China represents the most dynamic opportunity to increase wool consumption at the luxury/high end of the market. Consumer research shows definite potential among 20 million plus consumers of luxury goods in key cities, but with a need for a significant investment in education, and in partnering global brands.

Market size

  • There are more than 800 cities in China, of which more than 200 cities have a population above 1 million (while in Europe there are only 35 cities with a population above 1 million). Moreover, there are hundreds of cities in China with a population of more than 100,000.
  • 1st Tier Cities are Beijing, Shanghai, Guangzhou, Shenzhen, Tianjin. 2nd Tier Cities are regional capital cities like Nanjing, Wuhan, Shenyang, Xi’An, Chengdu, Chongqing, Hangzhou, Qingdao, Dalian and Ninbo.
  • The Gross Domestic Product (GDP) in China was worth 9240.27 billion US dollars in 2013, an all-time record high for the country. The GDP value of China represents 14.90 per cent of the world economy.

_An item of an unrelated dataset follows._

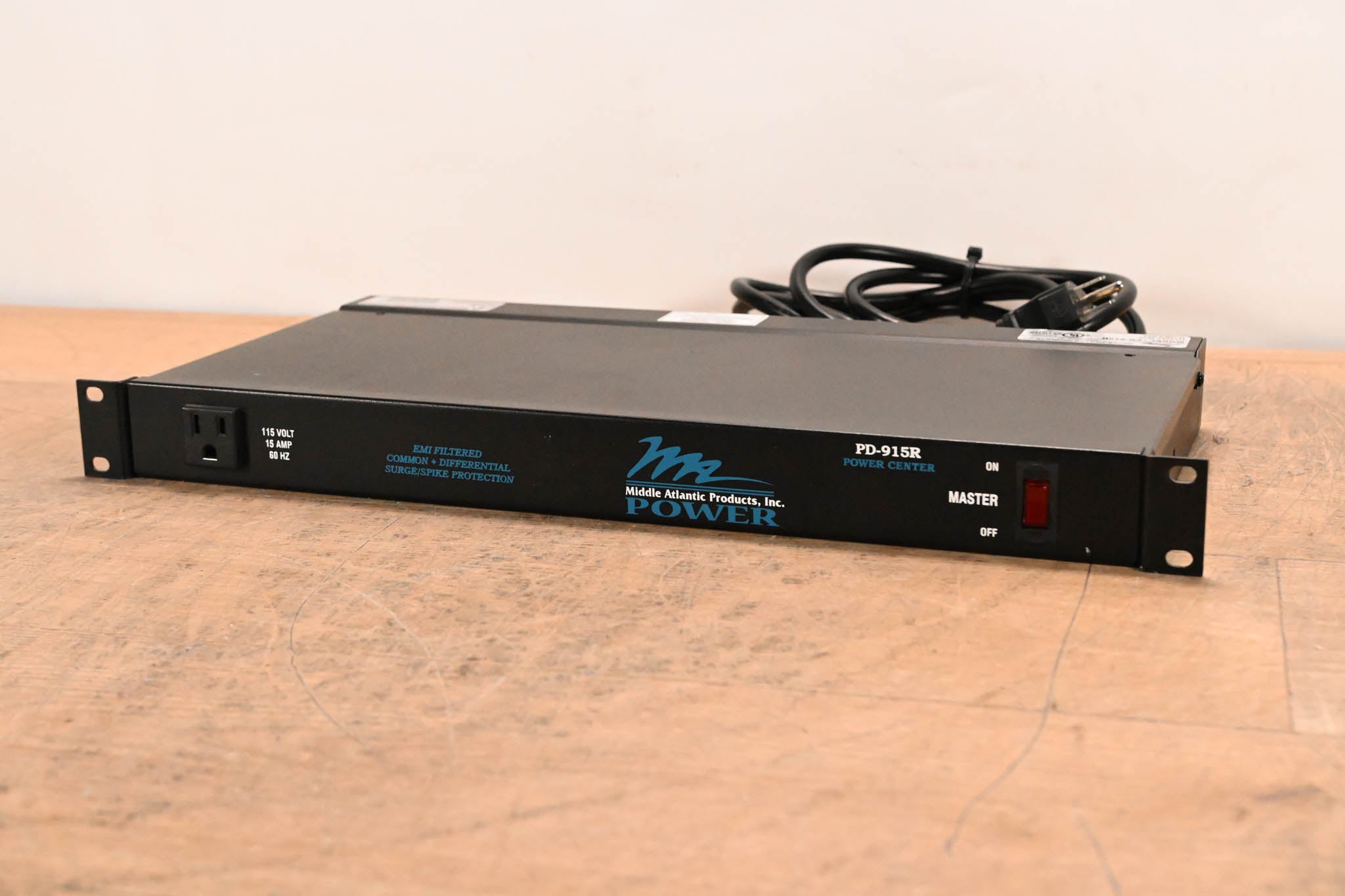 Middle Atlantic PD-915R 9-Outlet Rackmount Power Distribution Unit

  • Total Chinese clothing retail value was $US 196.3 billion in 2011 with 14.4 billion in children’s clothing, 63.9 billion in men’s clothing and 89.3 billion in women’s clothing. Total clothing retail value is forecast to grow at 12.4% year on year into 2016.


  • Purchase trends – in-store versus online. In 2011 online retailing value increased by 177.8%, however in relation to distribution market share, online retailing is still insignificant compared to store base retail at 97.5% market share in 2011. However, online purchasing is becoming increasingly common for the younger demographic. 
  • In luxury goods, online and overseas purchase of high-value goods are now more prevalent based on the luxury taxes imposed and the concern about authenticity of goods.

Opportunity for wool

  • Strategically, wool needs to be positioned in the premium space and urban segments. China offers significant potential at this time. Pure wool is very appealing and its image as a quality, valued and premium product has grown in recent years.
  • Like other countries, fit and feel are important in clothes choice. Chinese consumers are label conscious and image is important. That said, fabric is relevant to apparel choice for Chinese urban consumers, especially for next-to-skin apparel.
  • Wool has potential to leverage its arguably innate qualities and is seen by Chinese consumers as a luxury, premium product.
  • Chinese consumers will often have a preference for natural fibres and the environmental impact and sustainability of fabrics is relevant to them when considering clothes purchases. Without being core drivers of choice these will offer some scope for differentiation.
  • Research shows that leveraging the Australian origin of fine wools has a positive impact on consumer purchase intent.